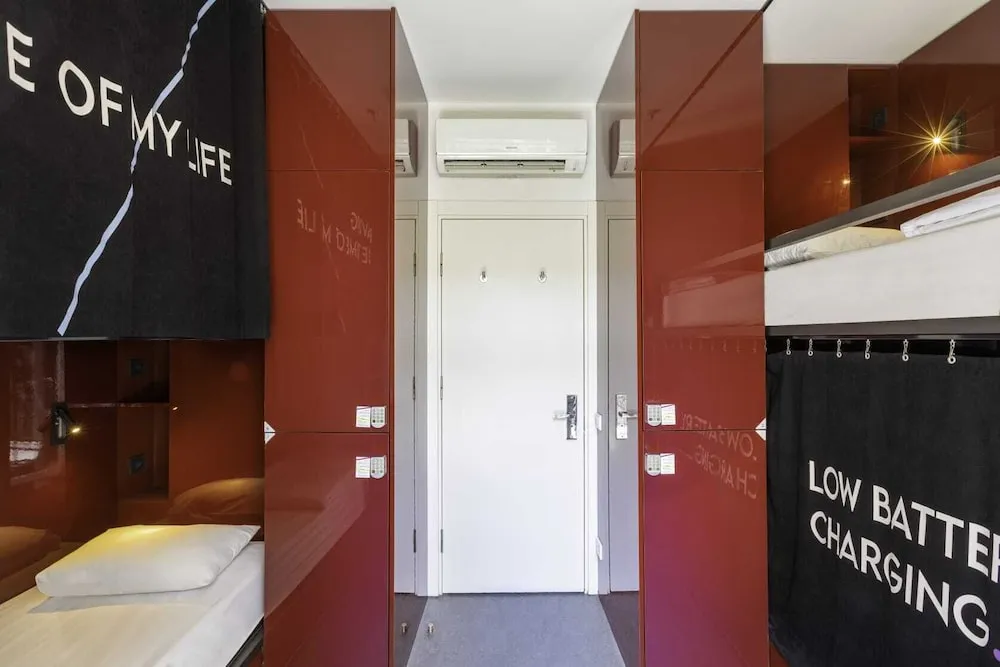 Bed in 4-Bed Dormitory Room with Shared Bathroom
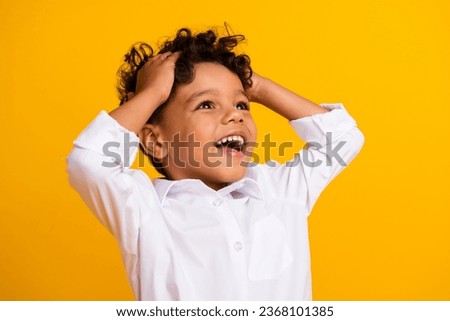 Portrait of impressed schoolboy with wavy hair wear stylish shirt hands on head look empty space sale isolated on yellow color background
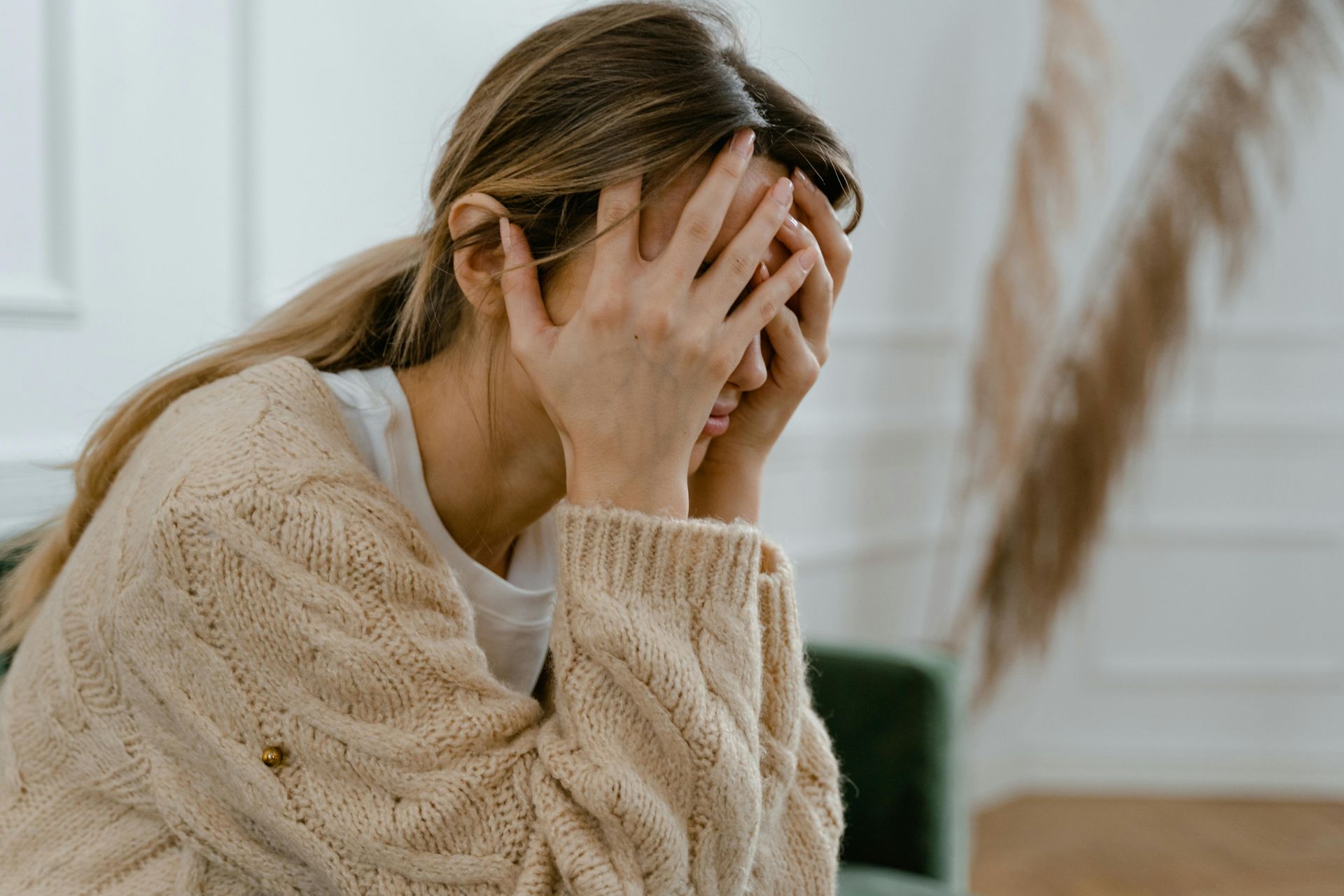 Person in beige sweater covers face with hands, sitting indoors and looking distressed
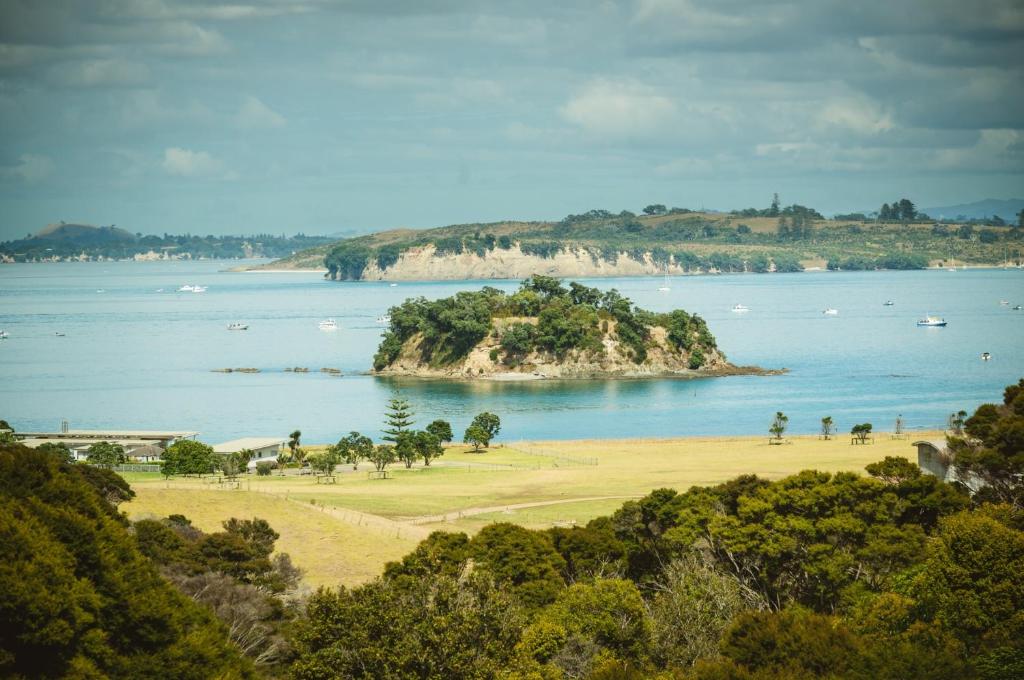 an island in the middle of a large body of water at Winemakers Loft in Oneroa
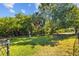 Community dog park featuring a grassy area with trees and fencing for safe playtime at 10265 Gandy N Blvd # 1406, St Petersburg, FL 33702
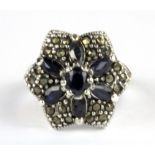 A 925 silver and marcasite sapphire set cluster ring, (N).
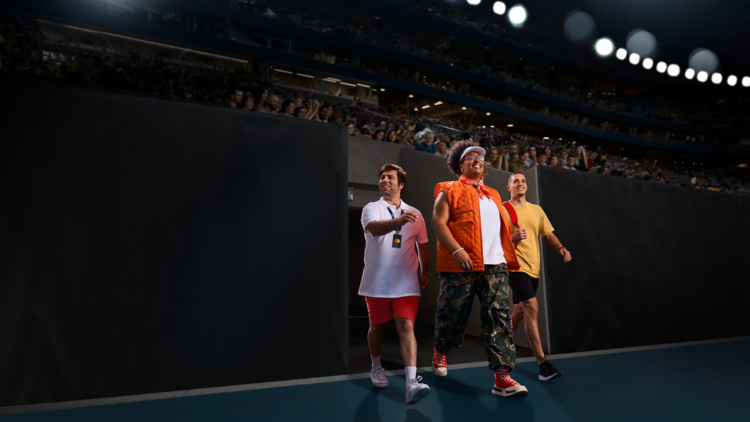 Three people walking onto a dark tennis court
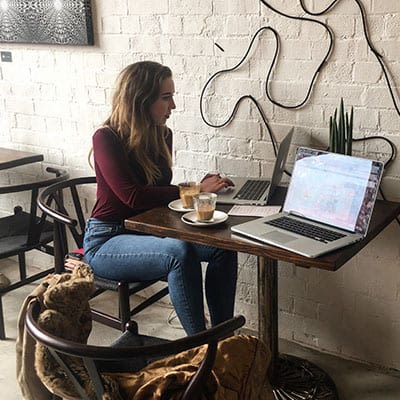 Bethany Barley sat at a cafe table facing a laptop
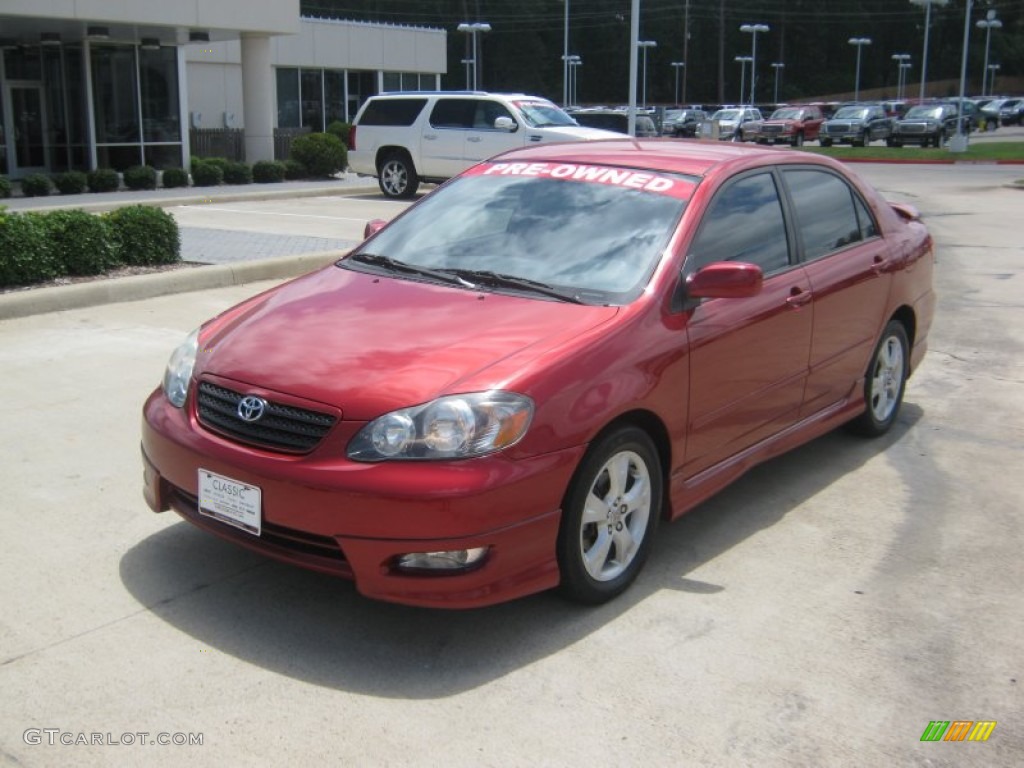 Impulse Red Pearl Toyota Corolla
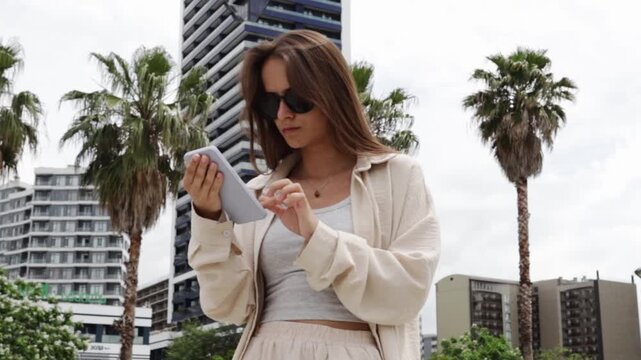 female teenager looks at a smartphone between errands in a city square, representing location services, online communication and independent urban mobility while managing a busy day outdoors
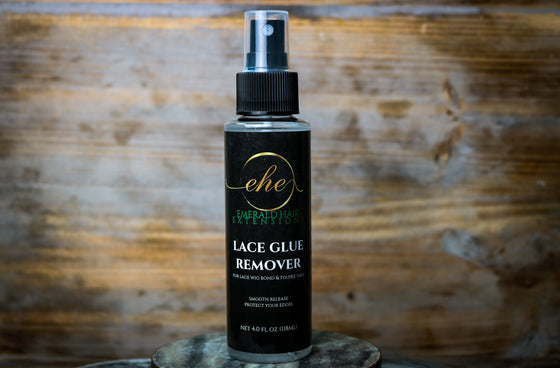 4 oz. bottle of lace glue remover with a wood background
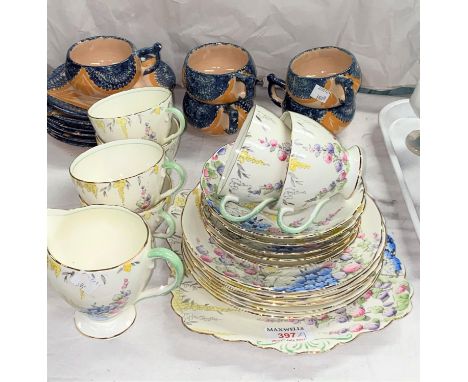 A 1930's floral tea set by Foley, 19 pieces; a Quimper part tea set, 11 pieces; etc. 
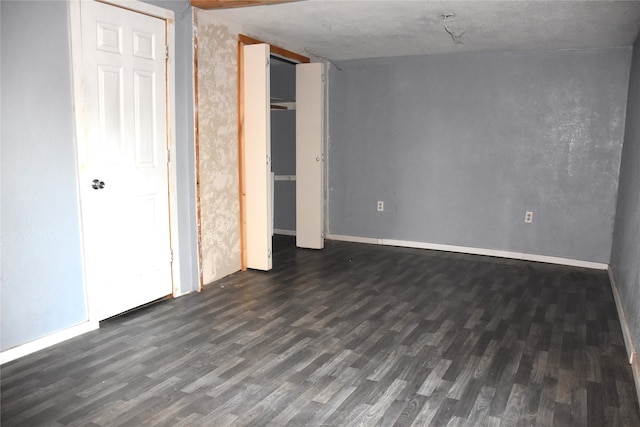 unfurnished bedroom featuring dark hardwood / wood-style floors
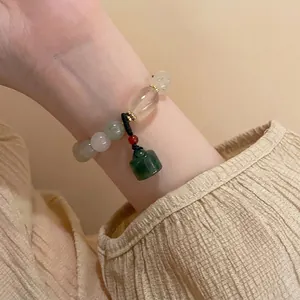 Detail of beaded bracelet with green jade-style beads and a red lucky charm on wrist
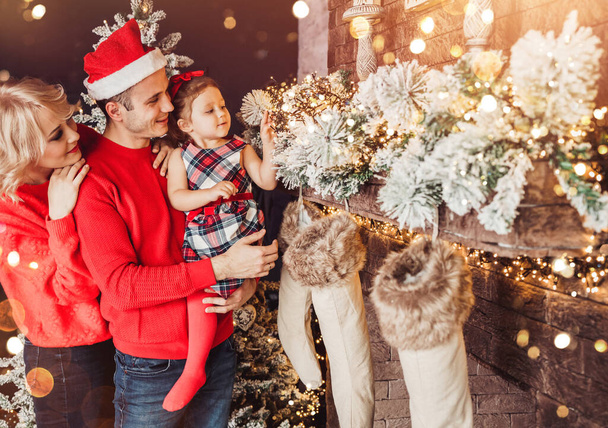 Famiglia di Natale con bambino sorridente vicino all'albero di Natale. Soggiorno decorato da albero di Natale e regalo scatole, la luce dare atmosfera accogliente. Vacanze di Capodanno
 - Foto, immagini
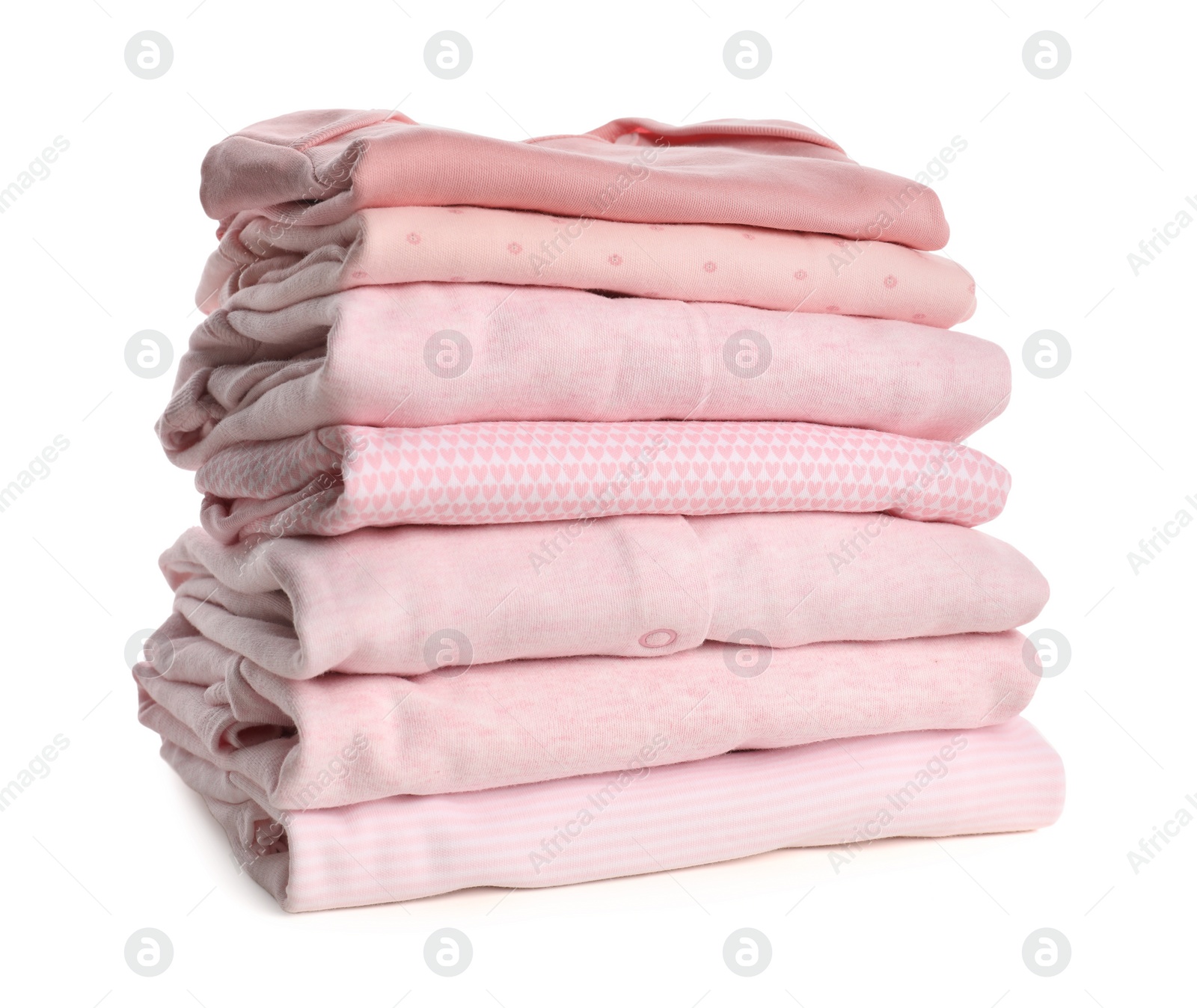 Photo of Stack of baby girl's clothes on white background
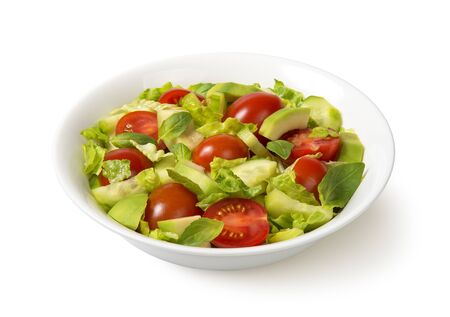 Salad with tomato, avocado, cucumber, lettuce, and basil in a white bowl isolated on white background.の写真素材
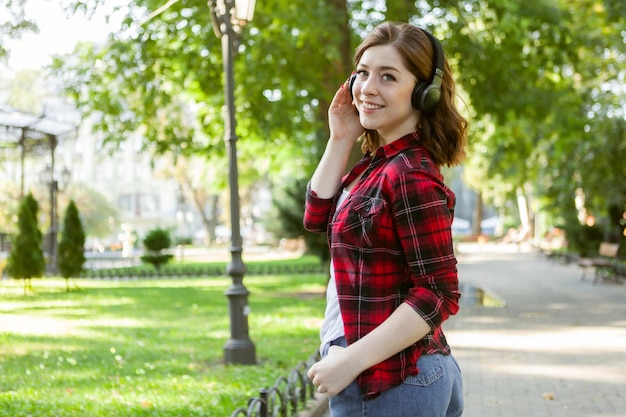 若い陽気なおかしい女性は、都市公園でヘッドフォンで音楽を聴きます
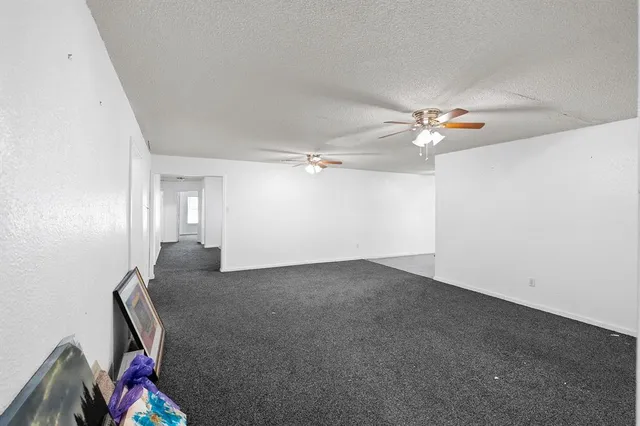 an empty room with a chandelier fan and closet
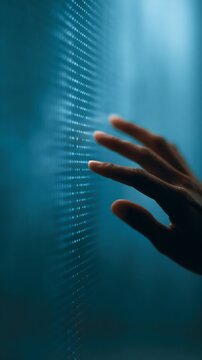 Cyberpunk-style hand near pixelated data wall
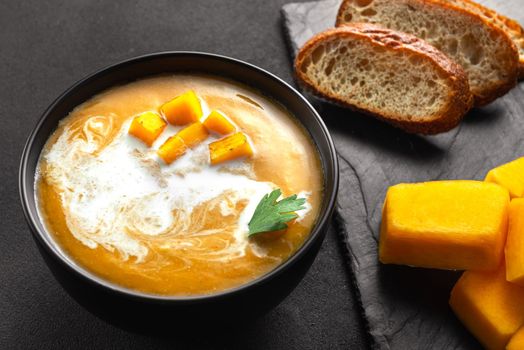Pumpkin traditional soup with creamy silky texture. Bread and ingredients for the soup next to each other.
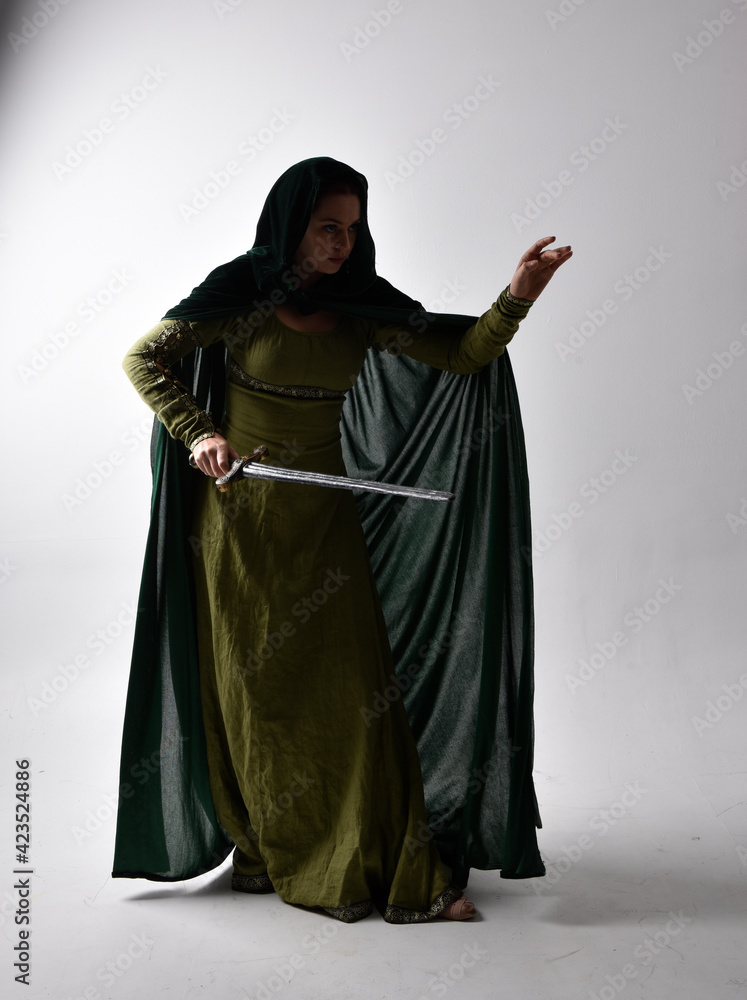 full length portrait of red haired girl wearing celtic, green medieval gown  and velvet cloak with shadowy backlighting. Standing pose isolated against a studio background.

* * * * *

• **Task statement**: Output only the lines running from the top of the data above to the line with "an island in", inclusive, word for word and without pictures.

• **Result below**:
 Bed in 4-Bed Dormitory Room with Shared Bathroom
 Portrait of impressed schoolboy with wavy hair wear stylish shirt hands on head look empty space sale isolated on yellow color background
 Person in beige sweater covers face with hands, sitting indoors and looking distressed
 an island in the middle of a large body of water at Winemakers Loft in Oneroa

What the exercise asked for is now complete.